16/02/22 16:17:09 INFO SparkDeploySchedulerBackend: SchedulerBackend is ready for scheduling beginning after reached minRegisteredResourcesRatio: 0.0
Exception in thread "main" java.lang.reflect.InvocationTargetException
at sun.reflect.NativeMethodAccessorImpl.invoke0(Native Method)
at sun.reflect.NativeMethodAccessorImpl.invoke(NativeMethodAccessorImpl.java:62)
at sun.reflect.DelegatingMethodAccessorImpl.invoke(DelegatingMethodAccessorImpl.java:43)
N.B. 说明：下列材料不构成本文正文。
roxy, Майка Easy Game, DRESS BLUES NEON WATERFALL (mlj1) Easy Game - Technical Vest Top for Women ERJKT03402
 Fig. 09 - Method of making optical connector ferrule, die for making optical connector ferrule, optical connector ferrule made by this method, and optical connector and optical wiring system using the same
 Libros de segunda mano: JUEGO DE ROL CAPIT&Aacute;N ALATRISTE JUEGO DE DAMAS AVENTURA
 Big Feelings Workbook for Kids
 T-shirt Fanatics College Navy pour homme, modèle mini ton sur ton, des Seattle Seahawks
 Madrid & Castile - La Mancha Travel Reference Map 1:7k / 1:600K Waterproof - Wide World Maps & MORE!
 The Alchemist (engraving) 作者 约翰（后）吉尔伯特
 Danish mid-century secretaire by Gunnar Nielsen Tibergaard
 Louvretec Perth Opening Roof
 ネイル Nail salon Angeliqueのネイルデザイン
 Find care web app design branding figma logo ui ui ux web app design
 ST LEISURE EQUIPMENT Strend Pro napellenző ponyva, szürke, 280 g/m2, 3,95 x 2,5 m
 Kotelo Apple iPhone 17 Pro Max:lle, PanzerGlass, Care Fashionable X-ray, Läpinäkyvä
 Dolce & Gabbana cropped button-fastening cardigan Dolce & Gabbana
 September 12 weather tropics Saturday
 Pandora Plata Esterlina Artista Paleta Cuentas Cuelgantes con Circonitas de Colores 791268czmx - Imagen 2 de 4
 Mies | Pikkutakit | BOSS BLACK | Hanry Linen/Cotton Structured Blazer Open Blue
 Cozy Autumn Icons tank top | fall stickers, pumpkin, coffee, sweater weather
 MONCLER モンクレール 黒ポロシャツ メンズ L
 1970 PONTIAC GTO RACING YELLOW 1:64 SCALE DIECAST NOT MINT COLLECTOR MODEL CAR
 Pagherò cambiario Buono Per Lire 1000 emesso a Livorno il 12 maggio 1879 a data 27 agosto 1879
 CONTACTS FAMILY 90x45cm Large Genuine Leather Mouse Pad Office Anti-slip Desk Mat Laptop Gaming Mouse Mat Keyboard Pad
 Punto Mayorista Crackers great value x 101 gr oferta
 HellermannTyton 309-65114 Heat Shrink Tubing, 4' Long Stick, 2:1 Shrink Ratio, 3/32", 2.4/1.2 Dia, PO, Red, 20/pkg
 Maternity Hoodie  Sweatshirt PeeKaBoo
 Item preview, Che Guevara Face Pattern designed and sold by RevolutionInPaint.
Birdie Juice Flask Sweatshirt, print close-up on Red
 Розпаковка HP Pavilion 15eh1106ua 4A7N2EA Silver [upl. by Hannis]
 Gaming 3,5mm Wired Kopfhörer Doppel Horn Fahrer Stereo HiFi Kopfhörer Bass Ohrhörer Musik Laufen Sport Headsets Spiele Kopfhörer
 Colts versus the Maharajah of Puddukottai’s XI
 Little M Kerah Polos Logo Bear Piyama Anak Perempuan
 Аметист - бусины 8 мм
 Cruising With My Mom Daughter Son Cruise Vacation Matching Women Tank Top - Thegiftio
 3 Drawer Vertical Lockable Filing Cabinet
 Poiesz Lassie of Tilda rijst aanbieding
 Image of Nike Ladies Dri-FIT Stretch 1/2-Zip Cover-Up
at java.lang.reflect.Method.invoke(Method.java:498)
at org.apache.spark.deploy.worker.DriverWrapper$.main(DriverWrapper.scala:58)
at org.apache.spark.deploy.worker.DriverWrapper.main(DriverWrapper.scala)
Caused by: java.lang.NoClassDefFoundError: kafka/serializer/StringDecoder
at com.my.spark.app.JavaDirectKafkaWordCount.main(JavaDirectKafkaWordCount.java:71)
... 6 more
Caused by: java.lang.ClassNotFoundException: kafka.serializer.StringDecoder
at java.net.URLClassLoader.findClass(URLClassLoader.java:381)
at java.lang.ClassLoader.loadClass(ClassLoader.java:424)
at java.lang.ClassLoader.loadClass(ClassLoader.java:357)
... 7 more
16/02/22 16:17:09 INFO SparkDeploySchedulerBackend: SchedulerBackend is ready for scheduling beginning after reached minRegisteredResourcesRatio: 0.0
Exception in thread "main" java.lang.reflect.InvocationTargetException
at sun.reflect.NativeMethodAccessorImpl.invoke0(Native Method)
at sun.reflect.NativeMethodAccessorImpl.invoke(NativeMethodAccessorImpl.java:62)
at sun.reflect.DelegatingMethodAccessorImpl.invoke(DelegatingMethodAccessorImpl.java:43)
at java.lang.reflect.Method.invoke(Method.java:498)
at org.apache.spark.deploy.worker.DriverWrapper$.main(DriverWrapper.scala:58)
at org.apache.spark.deploy.worker.DriverWrapper.main(DriverWrapper.scala)
Caused by: java.lang.NoClassDefFoundError: kafka/serializer/StringDecoder
at com.my.spark.app.JavaDirectKafkaWordCount.main(JavaDirectKafkaWordCount.java:71)
... 6 more
Caused by: java.lang.ClassNotFoundException: kafka.serializer.StringDecoder
at java.net.URLClassLoader.findClass(URLClassLoader.java:381)
at java.lang.ClassLoader.loadClass(ClassLoader.java:424)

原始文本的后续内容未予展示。